The Fixer in Hakata.
For the third time this trip, I caught a train to Hakata.
This time, to buy coffee beans for the family.
Five days to go, 200g should do.
Why not just mail order? Coffee County provides a free drink with every bean purchase, so that’s an incentive.
At 11am, all caffeine up, I had a brief moment of silence.
No errands to run, no friends to meet, nothing to buy.
A medium shot of me standing in front of the Nakasu river, then a wide-angle shot, then an ultra-wide angle shot.
You know that scene in the Solitary Gourmet.
If I remember correctly, Tsuki-ya, the clear broth tonkotsu ramen shop was just around the corner. Since we had it in the airport two years ago, it had exploded and expanded to seven locations, including Ginza.
Merely a block away, I stopped.
If time isn’t an obstacle, why don’t I simply go to my favourite ramen place in Fukuoka?
It’s only two train stops - seven minutes away after all.
I power walked to Tenjin station, took the new Nanakuma line to Yakuin-odori station, past the Royal Host landmark.
I was 200m away.
This time, I know exactly what to order.
100m away.
This time, I wouldn’t get all flustered and order the lukewarm noodles.
50m away.
This time, there’s no queue. Weird.
At the front door.
This time, I found out Mendo Hanamokoshi closes on Wednesdays AND Thursdays.
What the flying piece of cow dung.
It was the middle of the day in the middle of the city, I had no intention of wandering around like when I was in Nishijin.
Times like this, I consulted past-Harvard.
I launch my maps app, and look for ‘emergencies’.
All the places I saved, for situations like this.
I became my own fixer.
Burger? Nah.
Tonkotsu ramen? Only open at night.
Coffee? Not now.
Soba?
Soba.
As I walked towards Asago あ三五, I tried to remember why I bookmarked the place.
Notes from past-Harvard: the only soba place to crack 4.01 on Tabelog. Best in Fukuoka. Top 100 in the country.
Looking at the sign - “priority given to those with reservations”, my heart sank. But the soba gods were merciful, as it wasn’t packed; only a couple of business lunch buddies, and another dating couple. All better dressed than I.

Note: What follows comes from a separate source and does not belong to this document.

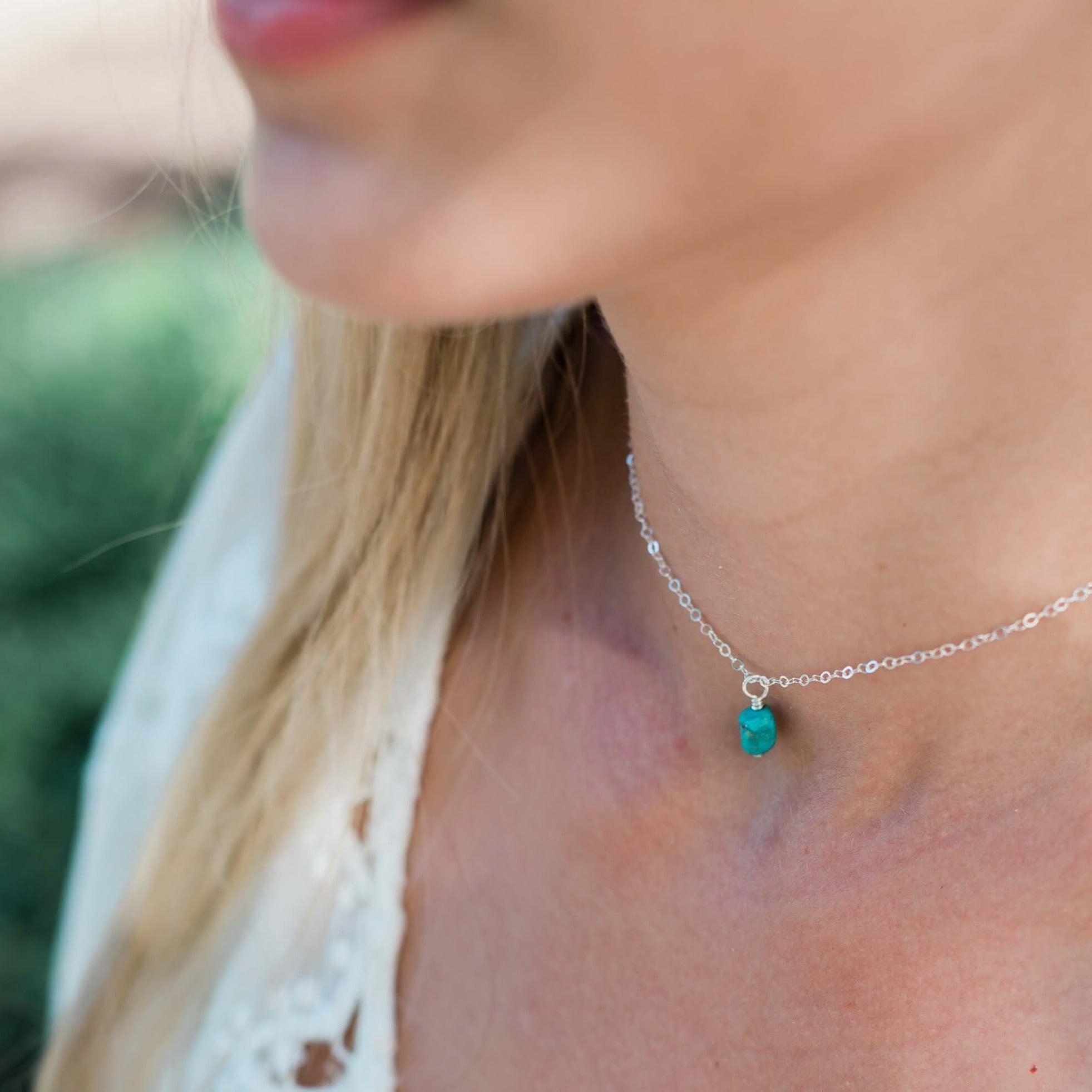 Tiny Rough Turquoise Gemstone Pendant Choker - Tiny Rough Turquoise Gemstone Pendant Choker - 14k Gold Fill / Cable - Luna Tide Handmade Crystal Jewellery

They led me to the end of the corner. Smart.
I asked if I could ‘take a photo’.
“いいよ ii-yo’, the seventy year-old guy said.
This is a restaurant worth flying to from Tokyo.
The owner, Hisao Isobe, is always pursuing the potential of delicious soba and travels all over the country.Isobe-san, the owner of ‘Asago’, regularly publishes soba recipes in his 'Soba Saijiki' series in the Nihon Soba Shinbun (Japan Soba Newspaper), a monthly publication by the Tokyo Noodle Federation Cooperative. He continues to challenge himself with modern variations of ‘Soba Hyakuchin’. You can actually enjoy these menu items at Asago.
- From the blog of カレーパン January, 2023
To be able to feel like you’re in a different place, is a sign of good interior design. To feel like you’re in a different time, is a sign of persistence.
To feel like you’re a better person, now that is magic.
The place is saturated with the smell of sentiments.
Almost all six surfaces of the shop, plus the counter, had timber feature.
The kettle, donabe, the stacked bowls, zaru’s and trays, the telephone, handwritten menu on a plank of wood… are part of the experience.
Drinking my soba tea, I wanted to talk about art. I’d like to write a letter, to my family. Gratitude to my wife. I felt like I could assure my daughter that her future is bright. And we would always play and laugh together.
You won’t feel this while eating ramen because a ramen shop is a fast-food restaurant. Nothing to see here, please eat and leave, as fast as you can. By the way, how loud do you want your IRRASHIAMASE? We will respond with a lounder ARIGATOUGOZAIMASU!!
As much as NHK is trying to portray ramen’s long history, as much as the new wave is trying to make ramen like a once in a lifetime event, ramen is all about serving as many people, in the shortest time, as cheap (or expensive) as possible. You won’t, you can’t bring your in-laws to a ramen restaurant to discuss inheritance.
With the boom of every ramen restaurant, I feel the pain for soba makers.
There is no ‘new wave’ for soba.
No miso base or salt base or pork bone broth to evolve to.
No factory you can pre-order your noodles from.
It’s always an older man, using his hands, kneading soba flour from scratch.
Stock made from kelp and bonito, with soy sauce, wasabi to season.
All local, nowhere to budge.
They aren’t in the pushing business, but rather the ‘pull you back to older times’ business.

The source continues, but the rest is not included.